• _Provided data_:
☆ ☆ ☆ ☆ ☆
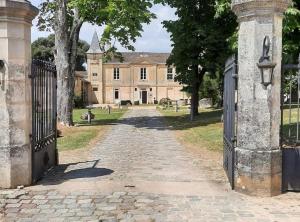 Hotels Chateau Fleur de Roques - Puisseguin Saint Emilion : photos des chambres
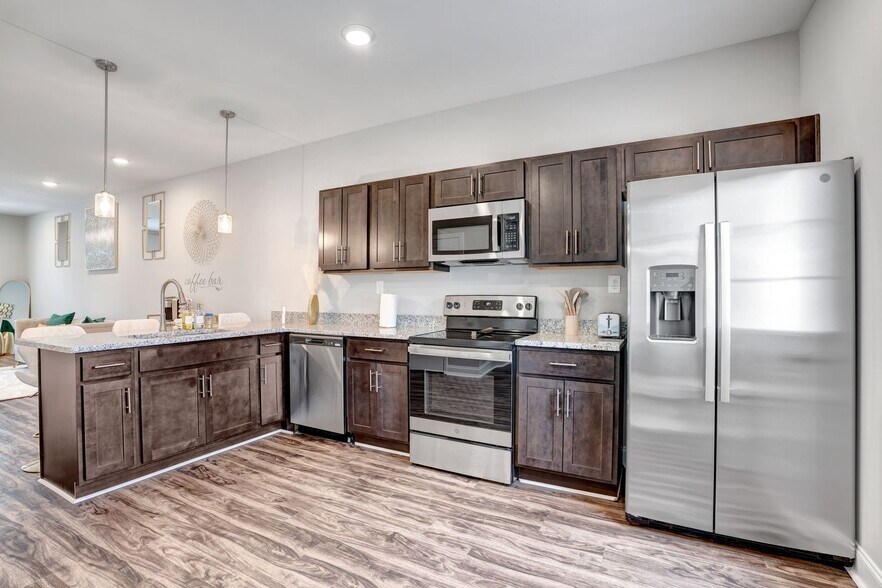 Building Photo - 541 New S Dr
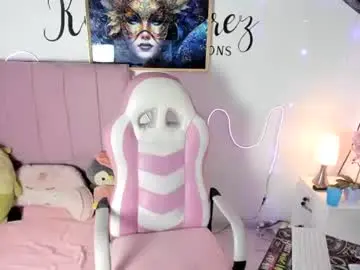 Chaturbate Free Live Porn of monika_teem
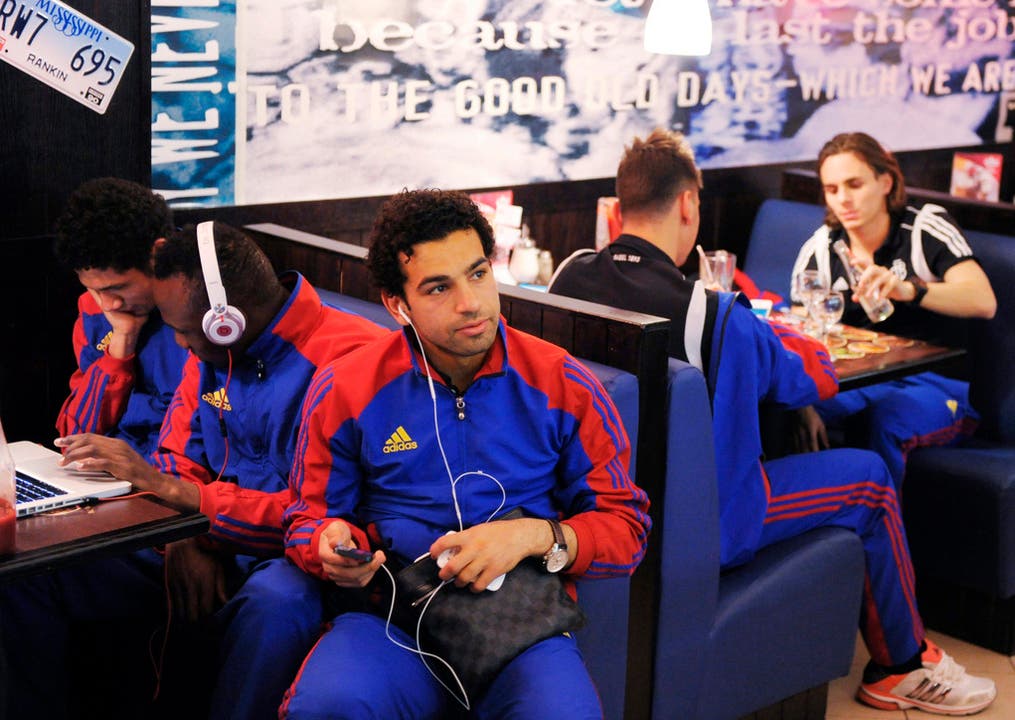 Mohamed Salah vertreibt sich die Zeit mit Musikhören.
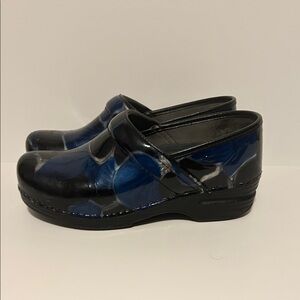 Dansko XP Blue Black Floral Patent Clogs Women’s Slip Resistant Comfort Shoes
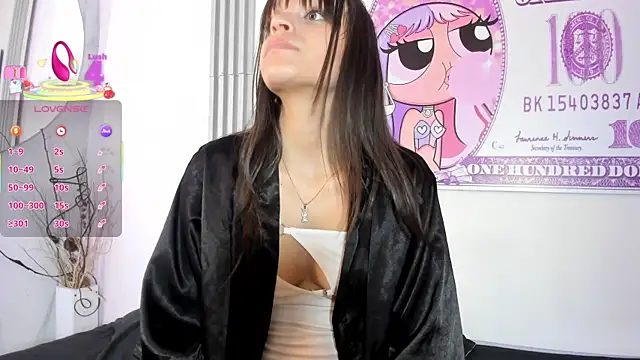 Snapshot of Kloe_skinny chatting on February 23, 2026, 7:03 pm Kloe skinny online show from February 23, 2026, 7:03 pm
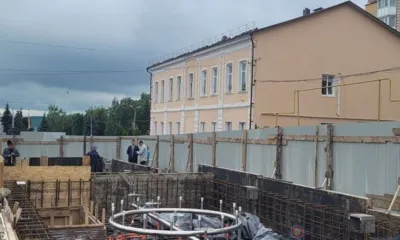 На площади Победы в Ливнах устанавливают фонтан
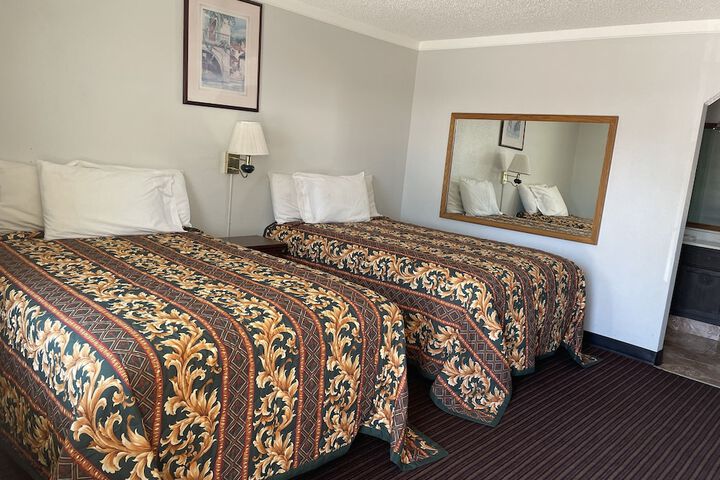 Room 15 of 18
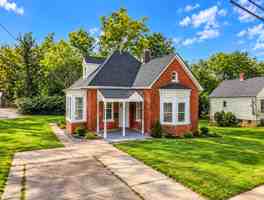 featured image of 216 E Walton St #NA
☆ ☆ ☆ ☆ ☆
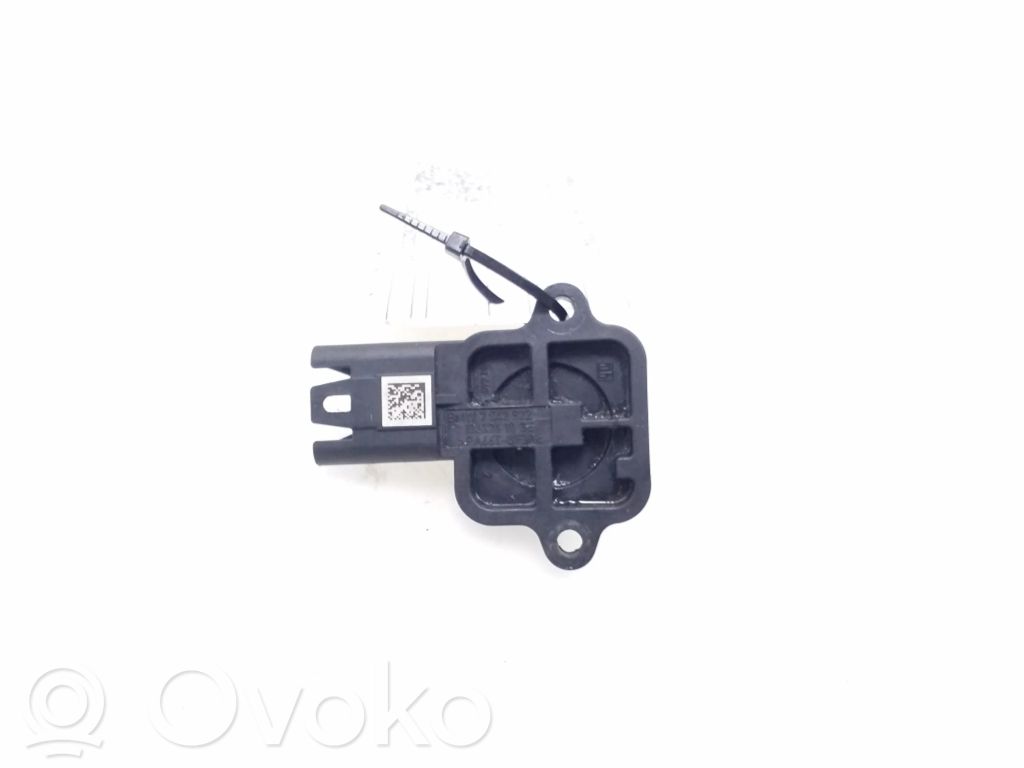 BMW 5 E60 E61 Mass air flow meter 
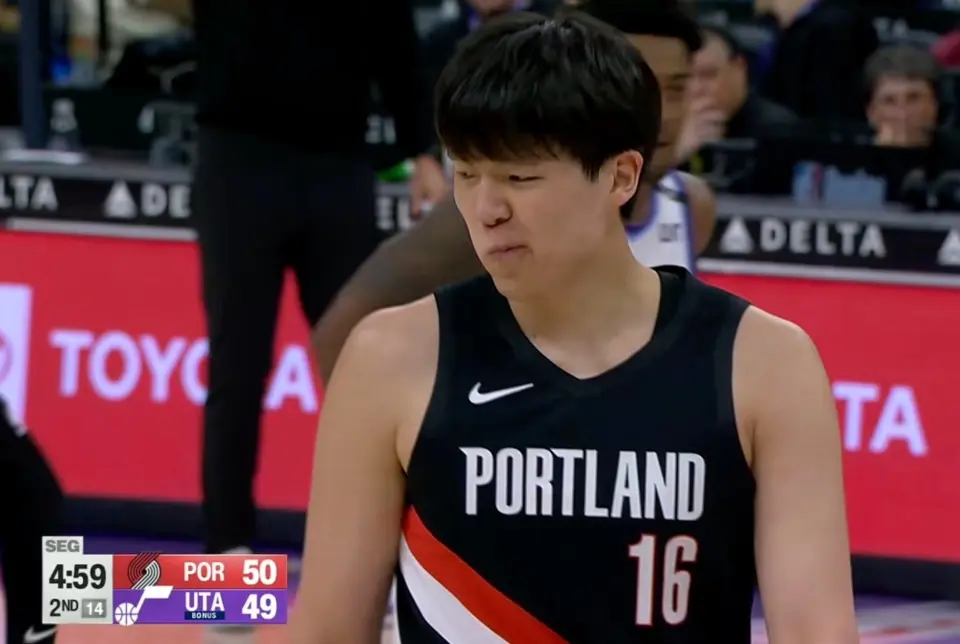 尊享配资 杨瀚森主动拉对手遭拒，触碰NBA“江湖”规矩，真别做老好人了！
☆ ☆ ☆ ☆ ☆
• _What you are asked to do_:
Though the entries above contain pictures, none should be copied; reproduce only the lines between the one holding "Hotels Chateau Fleur" and the one holding "Dansko XP Blue", inclusive, exactly as written.

• _Written answer_:
 Hotels Chateau Fleur de Roques - Puisseguin Saint Emilion : photos des chambres
 Building Photo - 541 New S Dr
 Chaturbate Free Live Porn of monika_teem
 Mohamed Salah vertreibt sich die Zeit mit Musikhören.
 Dansko XP Blue Black Floral Patent Clogs Women’s Slip Resistant Comfort Shoes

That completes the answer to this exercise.